About this exercise:
Type out the listing below exactly. Pictures stay out of it.

Supplied information:

• • • • •

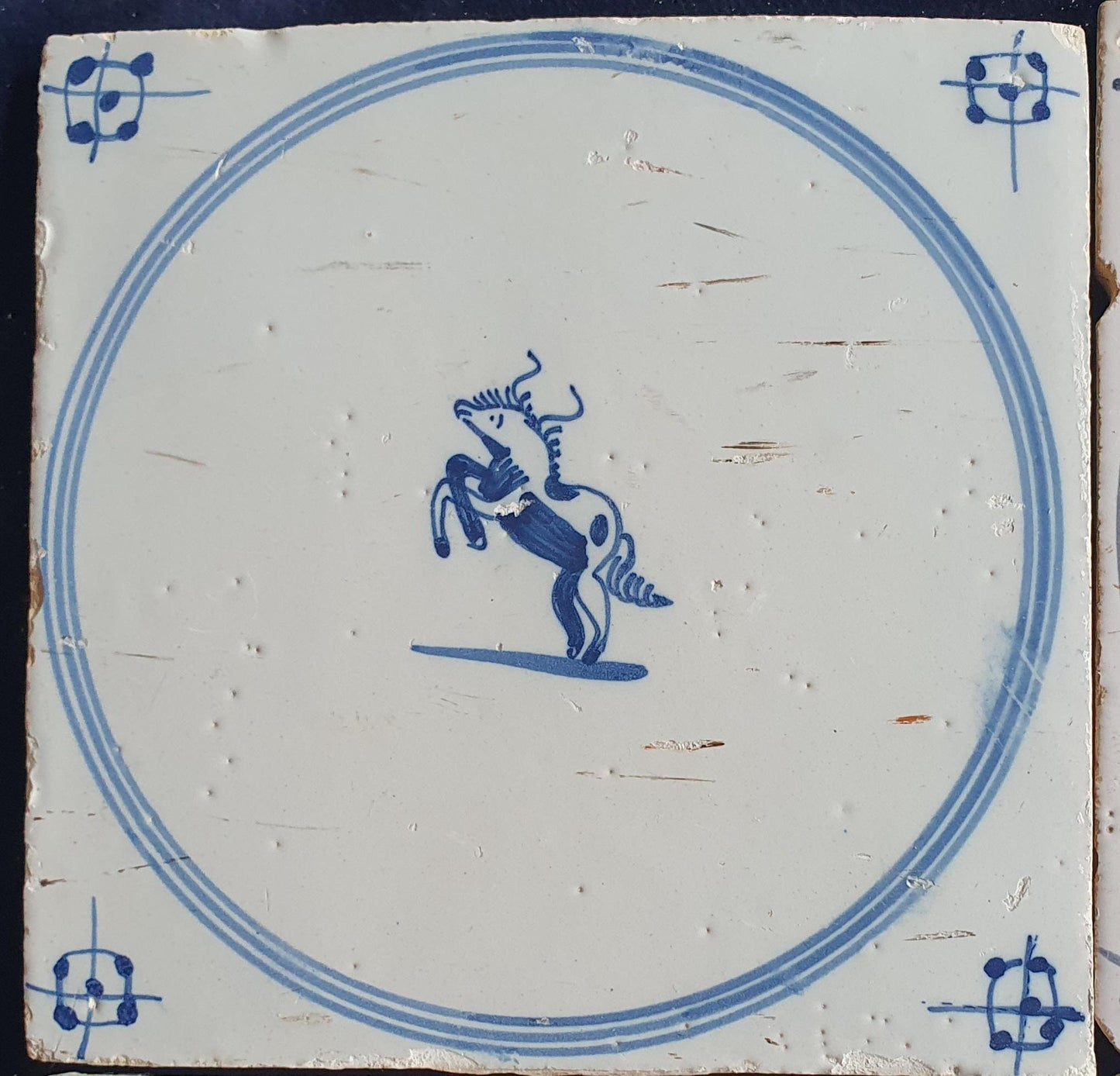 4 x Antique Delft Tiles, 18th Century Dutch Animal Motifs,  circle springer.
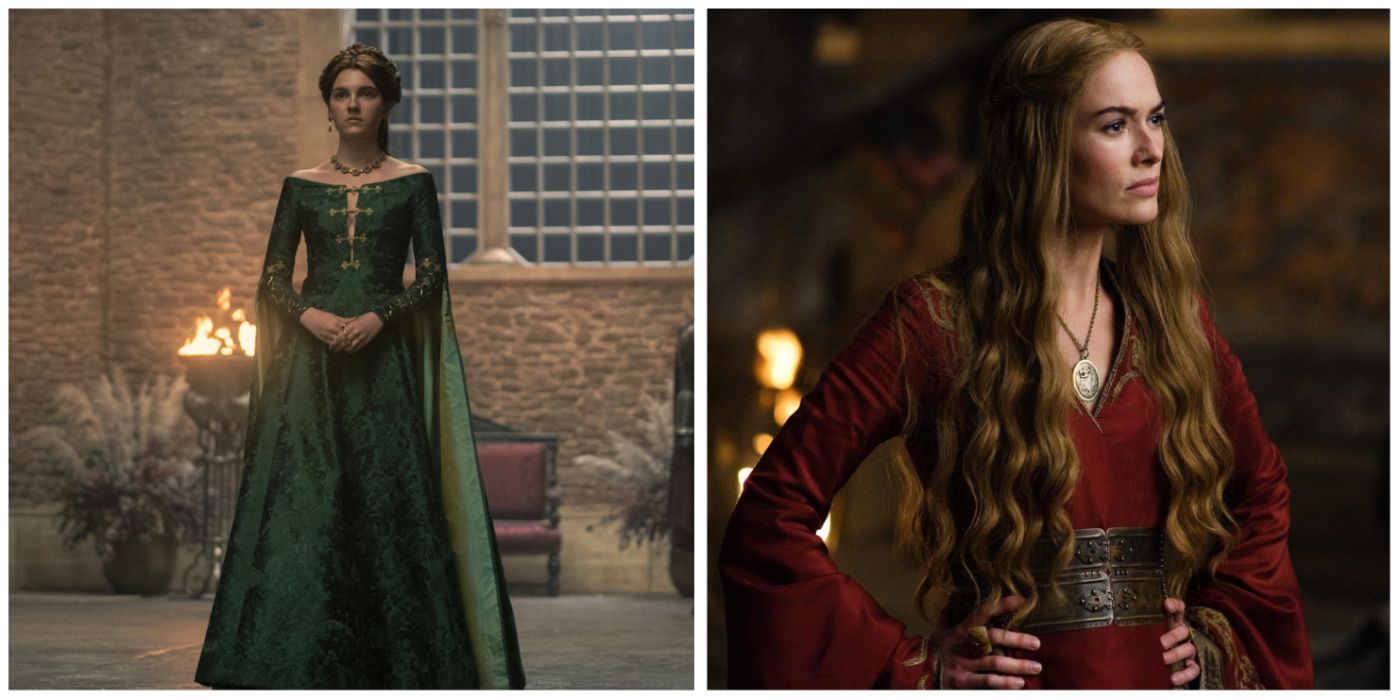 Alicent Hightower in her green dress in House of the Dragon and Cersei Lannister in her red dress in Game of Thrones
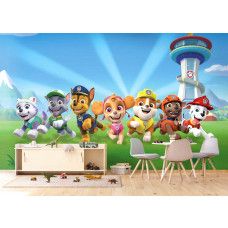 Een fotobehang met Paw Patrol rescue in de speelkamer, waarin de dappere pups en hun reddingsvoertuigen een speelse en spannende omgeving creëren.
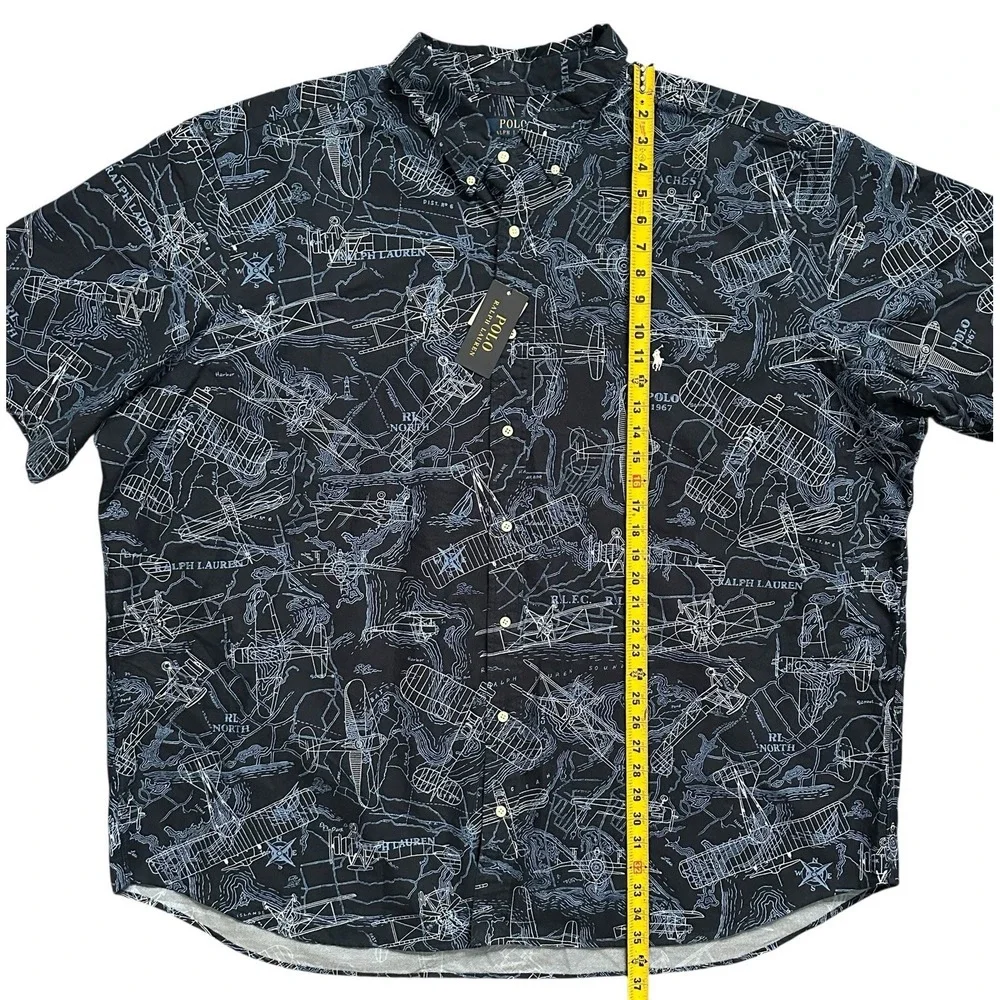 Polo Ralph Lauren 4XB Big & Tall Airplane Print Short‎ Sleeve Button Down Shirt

• • • • •

Exercise solution:
 4 x Antique Delft Tiles, 18th Century Dutch Animal Motifs,  circle springer.
 Alicent Hightower in her green dress in House of the Dragon and Cersei Lannister in her red dress in Game of Thrones
 Een fotobehang met Paw Patrol rescue in de speelkamer, waarin de dappere pups en hun reddingsvoertuigen een speelse en spannende omgeving creëren.
 Polo Ralph Lauren 4XB Big & Tall Airplane Print Short‎ Sleeve Button Down Shirt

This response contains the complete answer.